Is this negation correct?

Question

The statement is: $\forall n \in \mathbb Z^+ \exists a \in \mathbb Z^+$ so that a|n and n/a is even
The statement is false because there is a counterexample n= 1, a=1 correct?
So its negation would be:
$\exists n\in \mathbb Z^+ $~($\exists a \in \mathbb Z^+$so that a|n and n/a is even)
which is: $\exists n\in\mathbb Z^+$ such that $\forall a\in \mathbb Z^+ a \not|n \lor n/a$ is odd.
Is this correct? Now how can I prove the negation is true?

Answer 1

Your negated statement is indeed true.

But to disprove a statement, it is enough to show prove by counterexample: the nice one happens to be when $n = 1$: there is no positive integer $a$ such that $a | n$, except for $a = 1$ in which case $1/a = 1/1 = 1\;$ which is odd.

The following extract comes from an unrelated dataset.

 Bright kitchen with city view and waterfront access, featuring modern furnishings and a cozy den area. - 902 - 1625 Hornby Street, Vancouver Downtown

You have to show the non-existence of any $a$ such that ($a \mid n$ and $n/a$ is even). This must fail for all positive integers $a$, not just $1$. It fails for $a=1$, and it fails for all positive integers greater than 1, since no integer $a>1$ divides $1$.

Answer 2

This is the correct negation. To show that the negation is true you simply have to provide an example which shows the existence. You did this already $n = 1$. (There are many others though, infinitely many actually since all primes but $2$ are counterexamples)

Note: The counter example doesn't involve taking $a = 1$, you can't pick a specific $a$. What you need to say is the only $a$ which divides $1$ is $1$ and $\frac{1}{1} = 1$ is odd.